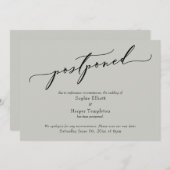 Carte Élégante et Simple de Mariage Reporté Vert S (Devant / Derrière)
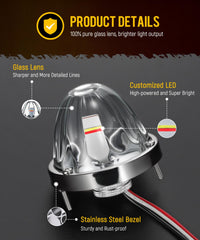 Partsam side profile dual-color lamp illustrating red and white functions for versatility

---

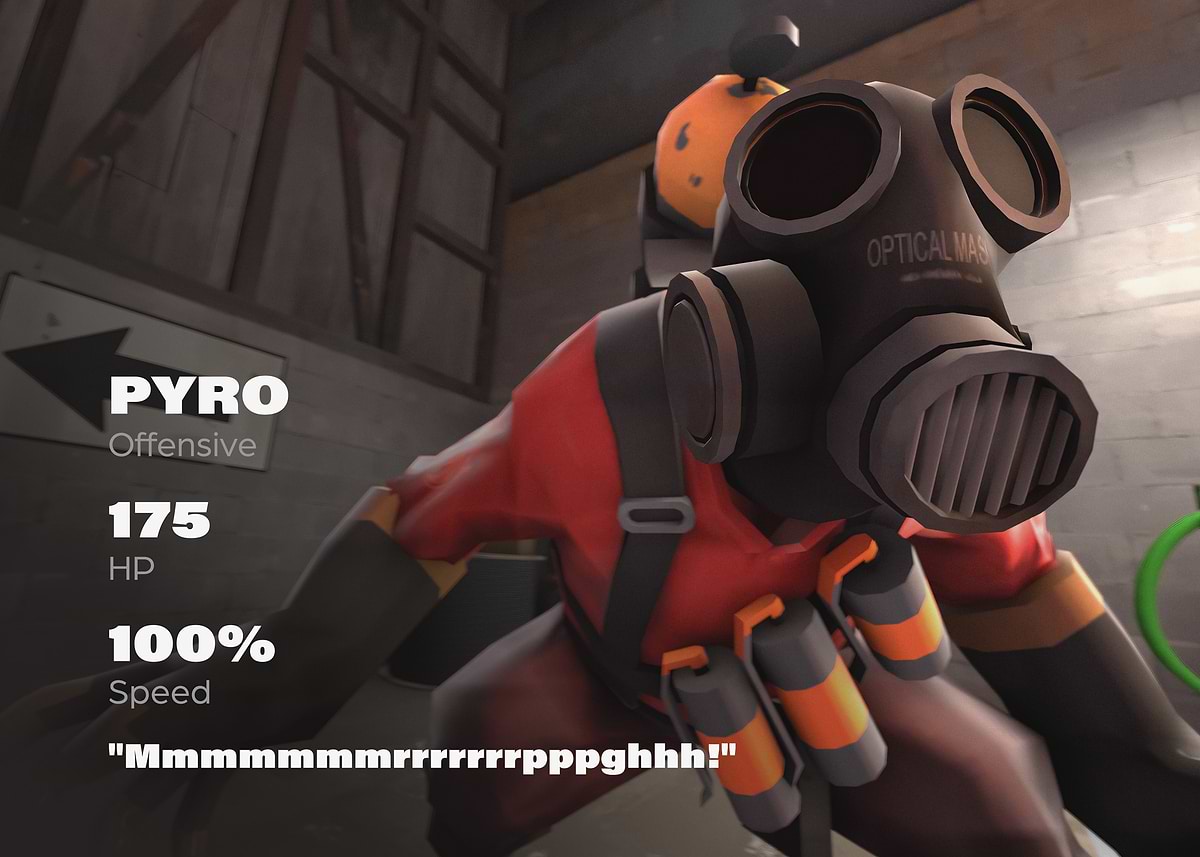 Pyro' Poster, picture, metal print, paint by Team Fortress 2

* * *

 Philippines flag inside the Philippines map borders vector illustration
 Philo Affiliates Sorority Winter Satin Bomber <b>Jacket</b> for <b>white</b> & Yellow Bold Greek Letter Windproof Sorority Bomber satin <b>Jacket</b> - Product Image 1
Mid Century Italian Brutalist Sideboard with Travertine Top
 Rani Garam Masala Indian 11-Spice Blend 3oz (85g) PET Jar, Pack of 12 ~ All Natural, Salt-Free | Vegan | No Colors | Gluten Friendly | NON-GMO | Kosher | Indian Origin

* **Prompt**
Start at the line containing "Carte Élégante et" above and stop at the line containing "Partsam side profile". Output those lines exactly, both included, but none of the pictures.

* **Your solution**
 Carte Élégante et Simple de Mariage Reporté Vert S (Devant / Derrière)
 Partsam side profile dual-color lamp illustrating red and white functions for versatility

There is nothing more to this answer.